The Rockets have spent months living up to their promise that this season would be different: They have won more games, defended more effectively, and played with greater consistency than at any point during Harden’s tenure. But now they are down 2–1 with Tuesday’s Game 4 at Oracle Arena, where Curry and the Warriors are undefeated in the playoffs since 2016.
Past versions of Harden’s Rockets have devolved and unraveled when confronted by similar stress. In a 2015 first-round series loss to Golden State, Houston was blown off the court by 35 points in Game 3 and sent home soundly in Game 5, a 14-point defeat in which Harden managed just 14 points. In the 2016 West finals against Golden State, Houston dropped Game 4 by 27 points and lost an embarrassing elimination Game 5 by 33 points. And then there was Harden’s no-show in last year’s loss to San Antonio, correctly derided as one of the most perplexing performances from an MVP-caliber player in recent history.
The pattern has been unmistakable: Once Harden and the Rockets lose hope in the playoffs, they collapse.
Unfortunately, there were red flags for Red Nation throughout Sunday night’s debacle. The Rockets’ offense ground down early, going more than four minutes in the first quarter without a field goal. Then, theoretically braced for Golden State’s trademark third-quarter pushes, Houston immediately conceded a 10-0 run out of halftime. With the deficit mounting, Houston folded up shop, attempting just one free throw as a team in the final 24 minutes.
Targeted repeatedly in defensive situations, Harden lived down to his reputation as a turnstile, grasping at air on the perimeter and turning his head off the ball to open cutting lanes behind him. While Curry bombed away, Harden and Chris Paul completely lost control of the game’s pace. As a result, the Rockets committed 19 turnovers, their most during the 2018 postseason. Curry managed to singlehandedly outscore Harden (20 points) and Paul (13 points) combined, with Harden posting a season-low minus-19 in 33 minutes.
When the dust settled, Sunday’s Game 3 surpassed the 2017 loss to the Spurs as the worst defeat of Harden’s career by point differential. The 2018 MVP favorite was left nearly speechless. Prompted for his thoughts on Curry’s stunning second-half turnaround, Harden shot an annoyed glance towards Paul before answering with zero interest and with as few words as possible: “He made shots.”
Harden has been here before, stumped for answers against the Warriors, who complement Curry’s shot-making with Kevin Durant’s steady brilliance, fierce team defense, and excellent ball movement. To be fair, it’s unreasonable to expect any individual player, even Harden or LeBron James, to have a comprehensive solution for the reigning champs’ devastating firepower.
Even so, Harden is now staring at a referendum on his reputation. In the wake of last year’s loss to the Spurs, Rockets management defended Harden and spent the offseason vastly improving his supporting cast. Houston’s blueprint has largely come to fruition, powered by the most complete campaign of Harden’s career and a veteran-dominated roster loaded with two-way players.

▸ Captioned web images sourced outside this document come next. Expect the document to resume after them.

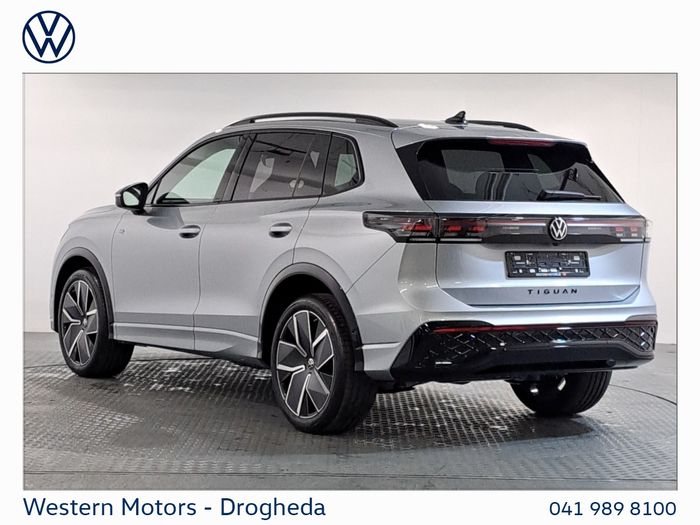 Volkswagen Tiguan 2026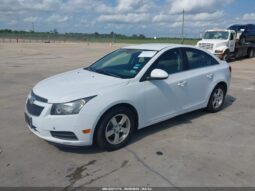 
										2014 Chevrolet Cruze full									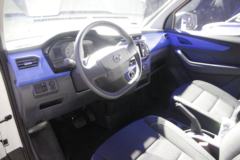 上汽大通EV30 2019款 智运版 2.4T 4.5米短轴纯电动封闭货车(盟固利电池)35kWh 上汽大通EV30 2019款 智运版 2.4T 4.5米短轴纯电动封闭货车(盟固利电池)35kWh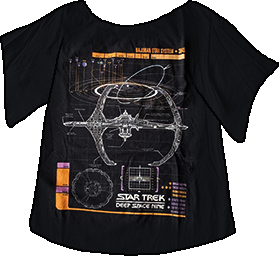 Star Trek: Deep Space 9 shirt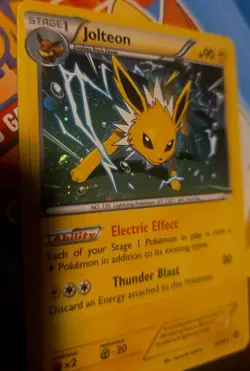 Pokemon Binder Card Lot WOTC Vintage,Holos,Full Arts,Mid Era, Modern JAP/ENG - Image 3
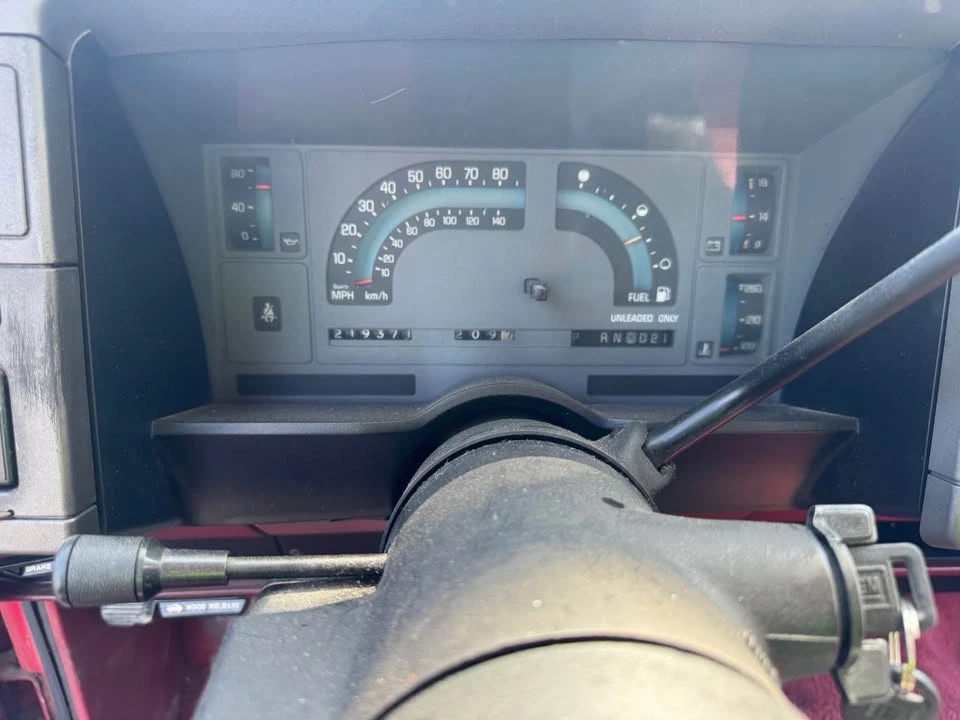 1989 Chevrolet S-10 - Image 6 of 7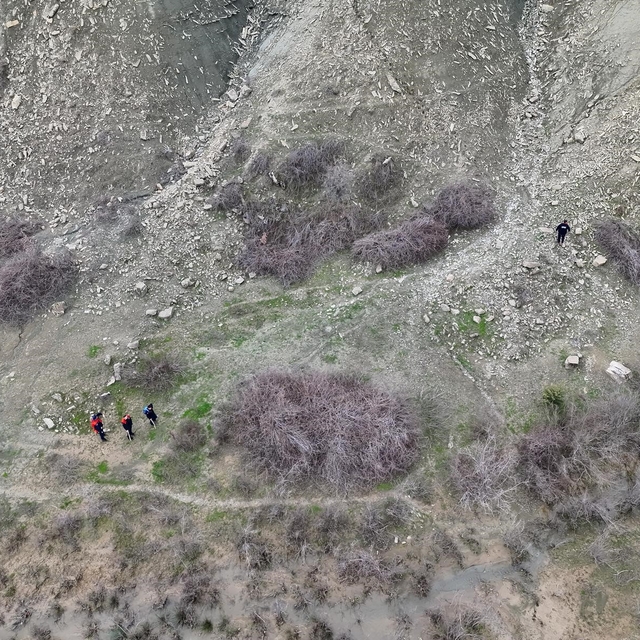 Diyarbakır'da 18 gündür kayıp engelli adamı arama çalışmaları sürüyor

Despite those efforts, the loss to San Antonio left a stain, one that has endured through a season that produced a new franchise record for wins. If Harden were to slink into the summer again, so much apparent progress, both for this franchise player and for his team, would be at risk of coming undone. The only silver lining from Sunday’s record-setting 41-point defeat is that Harden gets at least two chances to push back on the most aggravating of labels: That he comes up small when it matters the most.
Harden need not lead the Rockets to a miraculous comeback in this series, but he must buck his history of crumbling.